# ITV's - Take Me Out



## VW Golf-Fan (Aug 3, 2010)

Was round at my sisters earlier for a catchup & she had this on the TV, so I watched it right the way through & it's an alright show (wouldn't normally watch it but as it was on I just did), it is a little better than 'Blind Date' with Cilla Black.

Paddy McGuinness is quite a funny guy & takes the pee out of some of the girls (light heartedly.)

But gee this woman who is 1 of the 30 potential 'dates' is hot as feck! Her name is Heidi - she is probably the oldest woman on the show...MILF (the rest are slappers IMO)   but feck she's stunning!! :argie:


----------



## s2kpaul (Jul 27, 2006)

ulriki johnson, you been drinking one to many beers lol


----------



## VW Golf-Fan (Aug 3, 2010)

s2kpaul said:


> ulriki johnson, you been drinking one to many beers lol


:lol: :lol:

Funnily enough McGuinness did comment to her that she looked like Ulrika Jonsson! 

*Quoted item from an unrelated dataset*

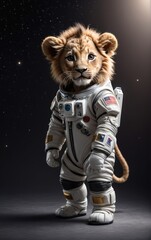 lion wear astronaut suit looking at camera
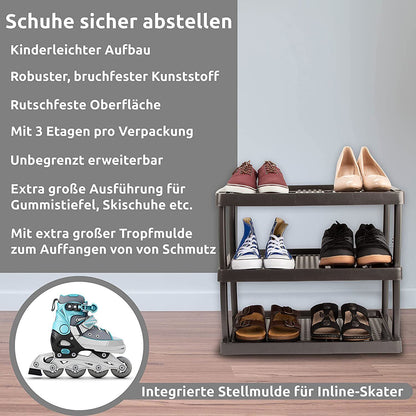 Schuhregal mit 3 Ebenen für 6 Paar Schuhe 47,5 x 53 x 36,5 cm, Erweiterbar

But seriously it aint Ulrika - just her doppleganger!


----------



## beanheadblue (Oct 26, 2010)

You should go on there mate and try get her on a date HA HA


----------



## Warwickshire Detailer (Oct 11, 2009)

s2kpaul said:


> ulriki johnson, you been drinking one to many beers lol


+1 :lol:


----------



## Nickos (Apr 27, 2006)

Warwickshire Detailer said:


> +1 :lol:


+2


----------



## VW Golf-Fan (Aug 3, 2010)

beanheadblue said:


> You should go on there mate and try get her on a date HA HA


:lol:

I might try and go on there like you say mate (it'd be a laugh), there's at least 2 MILF's there (the other was called Nicky) so they'd be the last 2 with the lights on before I choose which one I'm picking..which would be Heidi! 

:thumb:


----------



## Summit Detailing (Oct 9, 2006)

I'll confess to having watched this too

It's actually ok, in a lighthearted/slightly trashy sort of way.

It wouldn't be the same show if it wasn't for Paddy.


----------



## VW Golf-Fan (Aug 3, 2010)

Agreed Chris, Paddy steals the show tbh! :lol:


----------



## silverback (Jun 18, 2008)

Corsa D-Driver said:


>


----------



## ben330 (Aug 8, 2010)

LET THE BANNANA.........SEEEE THE SPLIT!!:lol::lol:


----------



## VW Golf-Fan (Aug 3, 2010)

Let the banger see the mash!! :lol: :lol:


----------